▶ **EXERCISE DATA**:

BEGIN

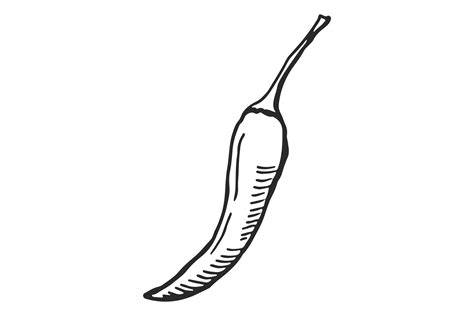Hot Pepper Sketch Hand Drawn Chili Spic Graphic By Onyxproj Creative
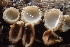 ( - FDS-CA-05359)  @11 [ ] by-nc (2024) Damon Tighe Fungal Diversity Survey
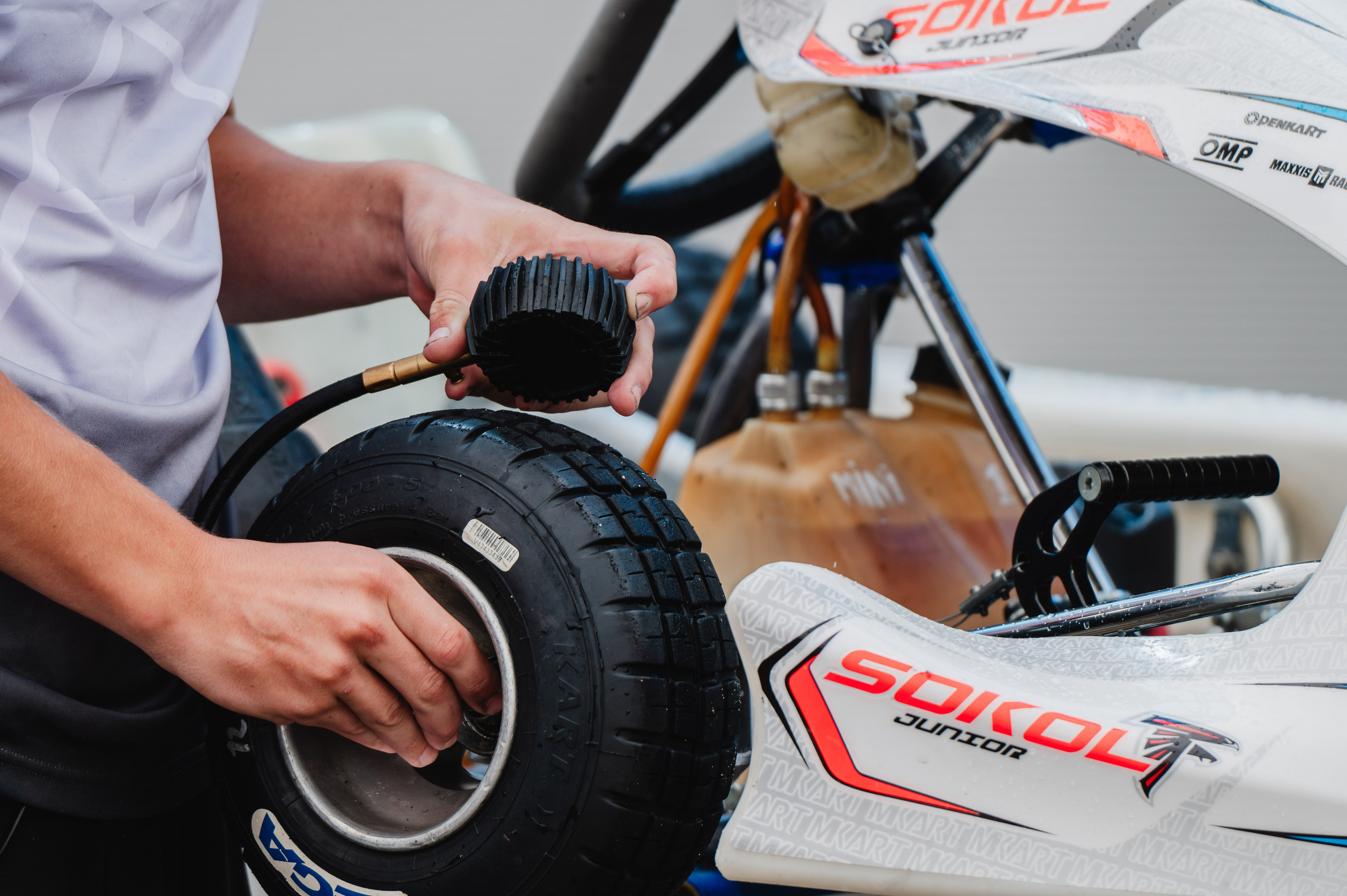 Съёмка команды. Sokol Racing Junior. Rotax Max Russia. Елена Чеснокова спортивный фотограф во Владимире и Белграде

END

▶ **WORK INSTRUCTION**: Restate the listing above word for word. Leave the images out.

▶ **ANSWER BOX**:
Hot Pepper Sketch Hand Drawn Chili Spic Graphic By Onyxproj Creative
 ( - FDS-CA-05359)  @11 [ ] by-nc (2024) Damon Tighe Fungal Diversity Survey
 Съёмка команды. Sokol Racing Junior. Rotax Max Russia. Елена Чеснокова спортивный фотограф во Владимире и Белграде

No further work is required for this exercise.